Foto: AP / Toufik Doudou

Algeriens Protestbewegung lässt nicht locker. Nachdem die im Februar begonnenen Massendemonstrationen gegen die politischen Eliten zuletzt stark an Dynamik verloren hatten, zogen am Freitag erstmals seit Wochen wieder landesweit Hunderttausende durch die Straßen und drängten auf echten politischen Wandel. In der Hauptstadt Algier, aber auch in anderen Städten wie Relizane, Oran, Constantine oder Tizi Ouzou folgten zahlreiche Menschen den Protestaufrufen zivilgesellschaftlicher Organisationen und der Opposition. Die Protestbewegung zeigt damit: Sie kann weiterhin mobilisieren.

Dies war infrage gestanden, nachdem die Demonstrationen seit Anfang Juni sukzessive an Zulauf verloren hatten. Zuletzt fanden sie nur noch in einigen wenigen Städten in Nordalgerien statt. Zeitgleich setzt der Sicherheitsapparat zunehmend auf repressive Maßnahmen gegen Demonstranten und Aktivisten, während Verhaftete immer öfter strafrechtlich verfolgt werden. Die Bewegung geriet angesichts dessen in die Defensive, hat jedoch seit Freitag wieder spürbaren Rückwind.

Frankreich unerwünscht

Ausschlaggebend für die erfolgreiche Massenmobilisierung war dabei vor allem die jüngste rhetorische Verschiebung. In dieser setzt sich zunehmend ein Narrativ durch, das die heutigen Proteste als unmittelbare Fortsetzung des Unabhängigkeitskampfs gegen die französische Kolonialmacht in den 1950er-Jahren versteht. Deren Herrschaft sei nur durch lokale Eliten ersetzt, aber nicht gebrochen worden – ganz im Sinne der Schriften des antikolonialen Vordenkers Frantz Fanon.

Ungünstig für die sich an die Macht klammernden Eliten: Die Proteste am Freitag fanden am 57. Jahrestag der algerischen Unabhängigkeit statt.

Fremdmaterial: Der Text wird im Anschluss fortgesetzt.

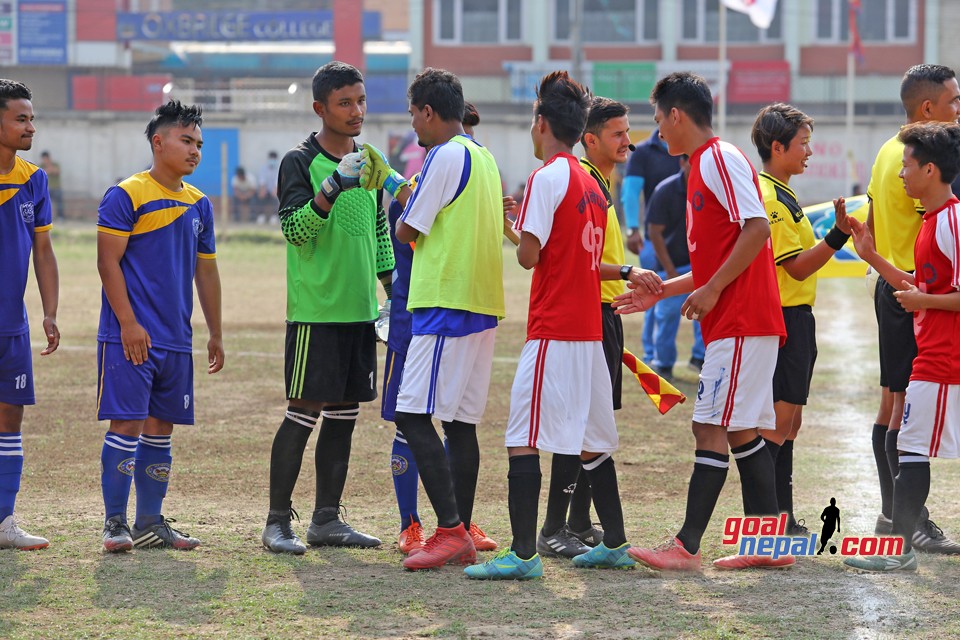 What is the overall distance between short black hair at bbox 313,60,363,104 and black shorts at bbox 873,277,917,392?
9.13 feet

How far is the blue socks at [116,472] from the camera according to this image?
219 inches

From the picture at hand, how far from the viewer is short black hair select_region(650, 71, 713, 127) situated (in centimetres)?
528

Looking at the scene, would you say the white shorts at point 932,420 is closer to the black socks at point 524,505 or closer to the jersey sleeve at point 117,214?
the black socks at point 524,505

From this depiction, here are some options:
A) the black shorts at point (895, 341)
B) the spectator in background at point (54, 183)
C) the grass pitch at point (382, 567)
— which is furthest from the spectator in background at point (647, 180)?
the spectator in background at point (54, 183)

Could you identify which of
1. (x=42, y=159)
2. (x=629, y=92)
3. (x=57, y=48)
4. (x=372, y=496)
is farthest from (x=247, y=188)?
(x=372, y=496)

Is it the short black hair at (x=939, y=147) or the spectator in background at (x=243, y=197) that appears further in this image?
the spectator in background at (x=243, y=197)

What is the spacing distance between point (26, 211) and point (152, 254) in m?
0.70

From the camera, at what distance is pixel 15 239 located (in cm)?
582

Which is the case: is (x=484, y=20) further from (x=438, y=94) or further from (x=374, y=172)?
(x=374, y=172)

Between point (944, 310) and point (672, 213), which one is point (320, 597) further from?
point (672, 213)

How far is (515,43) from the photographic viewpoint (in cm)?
4941

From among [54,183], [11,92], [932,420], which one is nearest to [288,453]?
[11,92]

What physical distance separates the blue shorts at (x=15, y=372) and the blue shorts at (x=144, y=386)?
42 cm

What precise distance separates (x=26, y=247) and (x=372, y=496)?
2327 mm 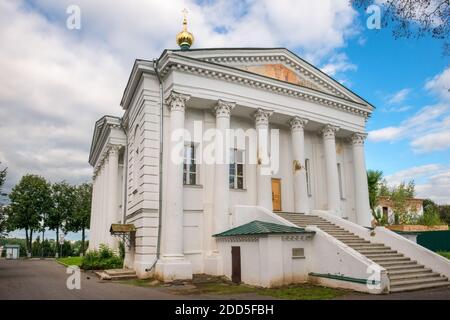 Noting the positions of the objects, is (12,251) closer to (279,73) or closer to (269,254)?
(279,73)

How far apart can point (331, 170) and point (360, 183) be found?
9.02ft

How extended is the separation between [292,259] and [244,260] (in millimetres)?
1965

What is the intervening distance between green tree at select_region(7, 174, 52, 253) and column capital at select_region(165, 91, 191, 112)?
47049mm

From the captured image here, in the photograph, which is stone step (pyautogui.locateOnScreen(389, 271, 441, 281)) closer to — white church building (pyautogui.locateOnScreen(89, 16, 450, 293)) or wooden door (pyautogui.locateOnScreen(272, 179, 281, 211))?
white church building (pyautogui.locateOnScreen(89, 16, 450, 293))

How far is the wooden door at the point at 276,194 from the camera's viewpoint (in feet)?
68.5

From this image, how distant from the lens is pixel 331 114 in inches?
892

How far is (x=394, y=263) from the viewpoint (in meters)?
14.7

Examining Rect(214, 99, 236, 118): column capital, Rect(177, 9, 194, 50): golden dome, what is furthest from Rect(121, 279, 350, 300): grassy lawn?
Rect(177, 9, 194, 50): golden dome

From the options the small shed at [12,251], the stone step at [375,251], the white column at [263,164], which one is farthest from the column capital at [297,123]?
the small shed at [12,251]

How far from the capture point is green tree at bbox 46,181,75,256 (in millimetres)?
57237

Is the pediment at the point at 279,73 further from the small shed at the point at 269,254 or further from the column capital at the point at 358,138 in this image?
the small shed at the point at 269,254

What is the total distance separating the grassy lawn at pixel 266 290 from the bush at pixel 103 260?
617 cm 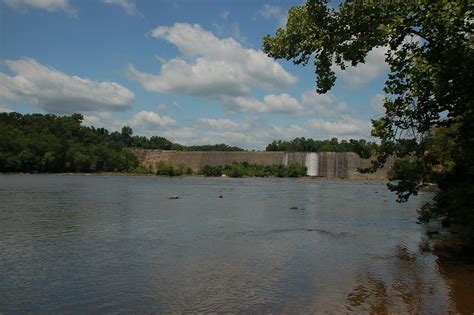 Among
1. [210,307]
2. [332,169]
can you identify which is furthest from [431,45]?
[332,169]

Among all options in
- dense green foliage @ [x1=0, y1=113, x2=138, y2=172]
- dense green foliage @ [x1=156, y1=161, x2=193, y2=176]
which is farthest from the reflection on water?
dense green foliage @ [x1=156, y1=161, x2=193, y2=176]

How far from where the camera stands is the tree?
13.9 metres

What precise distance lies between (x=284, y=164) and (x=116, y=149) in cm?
6773

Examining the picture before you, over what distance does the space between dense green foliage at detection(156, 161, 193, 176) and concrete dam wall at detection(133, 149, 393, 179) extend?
4.45 m

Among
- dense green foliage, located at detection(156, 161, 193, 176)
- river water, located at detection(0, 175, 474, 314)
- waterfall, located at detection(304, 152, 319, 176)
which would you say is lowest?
river water, located at detection(0, 175, 474, 314)

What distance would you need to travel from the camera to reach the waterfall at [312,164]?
15312cm

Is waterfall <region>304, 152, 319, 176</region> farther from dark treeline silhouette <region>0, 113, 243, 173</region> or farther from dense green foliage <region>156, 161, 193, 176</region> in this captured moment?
dark treeline silhouette <region>0, 113, 243, 173</region>

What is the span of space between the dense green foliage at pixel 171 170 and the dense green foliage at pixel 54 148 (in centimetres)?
1390

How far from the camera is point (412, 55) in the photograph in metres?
15.1

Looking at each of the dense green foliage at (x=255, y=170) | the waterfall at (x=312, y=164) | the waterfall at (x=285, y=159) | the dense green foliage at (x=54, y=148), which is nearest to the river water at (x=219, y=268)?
the dense green foliage at (x=54, y=148)

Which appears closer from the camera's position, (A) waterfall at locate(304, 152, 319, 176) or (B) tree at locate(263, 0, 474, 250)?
(B) tree at locate(263, 0, 474, 250)

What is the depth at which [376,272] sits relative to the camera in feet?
51.2

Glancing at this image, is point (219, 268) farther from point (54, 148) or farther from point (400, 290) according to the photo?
point (54, 148)

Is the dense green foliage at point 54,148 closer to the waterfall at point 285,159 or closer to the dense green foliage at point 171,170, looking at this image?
the dense green foliage at point 171,170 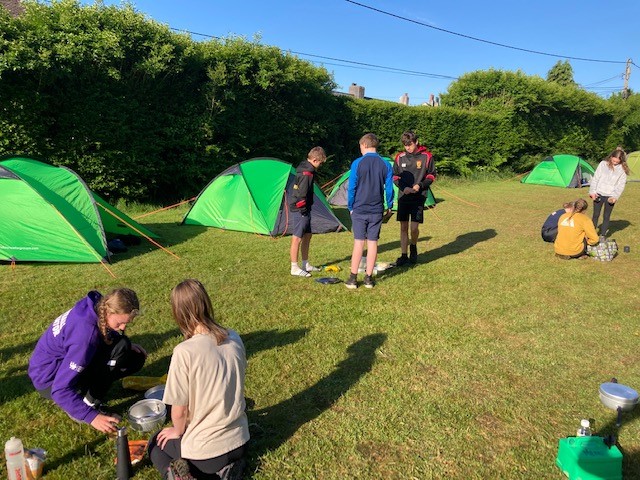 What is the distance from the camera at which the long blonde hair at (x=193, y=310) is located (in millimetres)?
2348

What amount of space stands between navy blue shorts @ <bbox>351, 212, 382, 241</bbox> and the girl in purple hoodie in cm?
320

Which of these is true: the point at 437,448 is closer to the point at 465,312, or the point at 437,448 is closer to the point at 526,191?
the point at 465,312

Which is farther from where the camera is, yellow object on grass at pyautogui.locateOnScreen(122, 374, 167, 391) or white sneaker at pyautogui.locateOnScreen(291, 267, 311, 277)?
white sneaker at pyautogui.locateOnScreen(291, 267, 311, 277)

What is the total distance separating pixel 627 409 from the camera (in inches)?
123

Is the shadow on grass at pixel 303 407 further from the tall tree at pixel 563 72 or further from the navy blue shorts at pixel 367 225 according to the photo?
the tall tree at pixel 563 72

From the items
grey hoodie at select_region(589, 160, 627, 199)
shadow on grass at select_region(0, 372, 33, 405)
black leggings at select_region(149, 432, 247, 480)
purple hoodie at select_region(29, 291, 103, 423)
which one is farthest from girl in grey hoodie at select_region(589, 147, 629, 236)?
shadow on grass at select_region(0, 372, 33, 405)

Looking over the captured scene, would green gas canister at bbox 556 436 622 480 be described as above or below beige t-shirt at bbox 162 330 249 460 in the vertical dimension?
below

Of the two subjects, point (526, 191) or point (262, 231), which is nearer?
point (262, 231)

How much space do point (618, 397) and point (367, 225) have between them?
314cm

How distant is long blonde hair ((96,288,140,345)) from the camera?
2.76m

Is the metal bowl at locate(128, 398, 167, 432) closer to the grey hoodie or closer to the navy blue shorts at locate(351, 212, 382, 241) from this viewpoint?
the navy blue shorts at locate(351, 212, 382, 241)

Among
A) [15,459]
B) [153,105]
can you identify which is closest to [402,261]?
[15,459]

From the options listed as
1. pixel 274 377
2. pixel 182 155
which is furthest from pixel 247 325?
pixel 182 155

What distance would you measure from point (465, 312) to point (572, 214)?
3527 millimetres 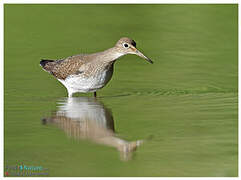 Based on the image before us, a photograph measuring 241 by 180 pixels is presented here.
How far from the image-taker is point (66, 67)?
1271 cm

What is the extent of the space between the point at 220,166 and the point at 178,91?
4.50 meters

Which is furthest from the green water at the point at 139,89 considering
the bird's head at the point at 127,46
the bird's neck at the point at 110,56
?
the bird's head at the point at 127,46

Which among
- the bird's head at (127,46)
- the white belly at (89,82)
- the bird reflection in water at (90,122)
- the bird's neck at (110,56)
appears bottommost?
the bird reflection in water at (90,122)

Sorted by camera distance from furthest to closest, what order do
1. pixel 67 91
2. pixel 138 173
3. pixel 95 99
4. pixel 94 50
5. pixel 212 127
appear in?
pixel 94 50, pixel 67 91, pixel 95 99, pixel 212 127, pixel 138 173

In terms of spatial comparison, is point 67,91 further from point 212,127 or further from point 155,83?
point 212,127

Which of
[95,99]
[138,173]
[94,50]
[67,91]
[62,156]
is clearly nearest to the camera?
[138,173]

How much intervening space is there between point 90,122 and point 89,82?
205 centimetres

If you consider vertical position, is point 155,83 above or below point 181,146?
above

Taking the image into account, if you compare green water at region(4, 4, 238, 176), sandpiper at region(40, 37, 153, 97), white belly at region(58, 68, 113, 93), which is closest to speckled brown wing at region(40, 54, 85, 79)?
sandpiper at region(40, 37, 153, 97)

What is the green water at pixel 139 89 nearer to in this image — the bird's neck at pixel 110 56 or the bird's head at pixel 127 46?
the bird's neck at pixel 110 56

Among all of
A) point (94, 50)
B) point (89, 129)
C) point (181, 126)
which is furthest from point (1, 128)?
point (94, 50)

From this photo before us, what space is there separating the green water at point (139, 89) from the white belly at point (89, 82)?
13.3 inches

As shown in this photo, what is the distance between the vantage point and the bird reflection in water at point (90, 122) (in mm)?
9048

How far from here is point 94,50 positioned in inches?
624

Der massive Zulauf zu den Demonstrationen war demnach nicht weniger als eine schallende Ohrfeige für Algeriens Staatsführung, die bis heute für sich reklamiert, das Land in die Unabhängigkeit geführt zu haben.

Während das partiell neu organisierte Regime darauf setzt, die Protestwelle auszusitzen und mit oberflächlichen Reformversprechen auszubremsen, fordert Algeriens Straße weiterhin einen tiefgreifenden Wandel. Neben Interimspräsident Abdelkader Bensalah und Premier Noureddine Bedoui will die Bewegung vor allem eine Person loswerden: Armeechef Ahmed Gaïd Salah. Dieser ist heute die einflussreichste Figur in der Staatsführung und baut seit Beginn der Protestwelle seine Macht sukzessive aus. Während er sich einerseits als Vorkämpfer gegen die Korruption gebärdet – unter seiner Ägide geht die Justiz weiter gegen frühere einflussreiche Regimepolitiker, Generäle und Profiteure der alten Ordnung vor -, versucht er andererseits in zunehmend aggressiver Manier, die Protestbewegung zu spalten.

Gegeneinander ausgespielt

Zu diesem Zweck provoziert der Armeechef inzwischen verstärkt Konflikte innerhalb der Gesellschaft. In mehreren Ansprachen hatte er indirekt, aber unmissverständlich erklärt, bei den Protesten präsentierte Symbole, die die "nationale Einheit" gefährden, würden nicht mehr toleriert werden. Sicherheitskräfte gehen seither gezielt gegen Menschen vor, die bei Protesten nicht nur Algeriens Nationalfahne, sondern auch die Flagge der Berberminderheit – ein Symbol für den Kampf der Berber für kulturelle und politische Rechte – schwenken. Wie es derweil politisch weitergeht, bleibt unklar. Die Fronten zwischen der Protestbewegung und der Armeeführung bleiben verhärtet.